このため、光秀は天王山と沼地の間という狭い戦場で迎え撃つことで、秀吉が数の優位を発揮できないようにと考えたのです。
途中までその作戦はうまく行っていましたが、最終的に押し切られてしまったのは周知の通りです。

それでもやっぱり天王山

このように、天王山は勝負所ではありませんでした。
しかし「天王山」という成句は未だに使われています。

理由はいろいろ考えられますが、「天王山」という名前がなんだかかっこいいというのも挙げられるでしょう。

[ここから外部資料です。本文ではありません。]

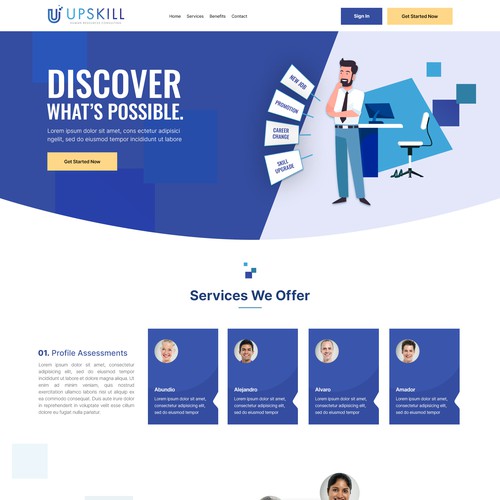 Landing Page Design for human resources consulting group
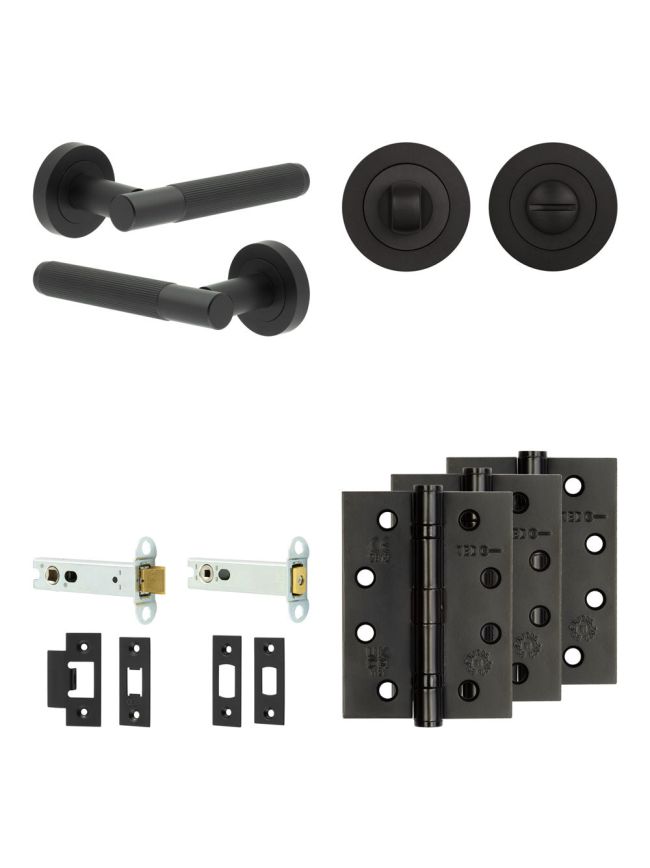 Complete Venice Door Handle Pack - Heavy Duty Tubular Bathroom (Standard Thumb Turn) - Matt Black - 102mm / 4-inch Hinges - JE-F32A3-MB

これがたとえば同じく京都と大阪の境にある標高678.7mの山「ポンポン山」であれば、ここまで「勝負所」として広まることはあったでしょうか。
あるいは、最初から勝負所として創作されることはなかったかもしれません。

いずれにせよ、「天王山」という成句を聞いた時に

「あーはいはい、勝負所ね。でもあれ、史実準拠じゃないんだよな。面倒くさい人だと思われたら嫌だから、敢えて指摘はしないけど」

と思ってくれる仲間が一人でも増えることを願っています。

追記)天王山はこうして広まった?

山崎の戦いの後、勝利した羽柴秀吉は天王山に城を築き、後に大坂城に移るまでの拠点としていました。つまり

山崎の戦いに勝利した後、天王山を拠点にした

のです。

そしてこの情報を、戦国末期から江戸初期にかけて活躍した小瀬 甫庵(おぜ  ほあん)という人物が聞きつけます。
彼は織田信長や豊臣秀吉の事績を書き記した数々の著作を残しており、どれもベストセラーとなっています。

そして甫庵作品がベストセラーになった理由。
それは、甫庵先生が面白さのためなら史実なんか平気で無視。おもしろエピソードをガンガン創作し、作品にぶっこんでいたからなのです。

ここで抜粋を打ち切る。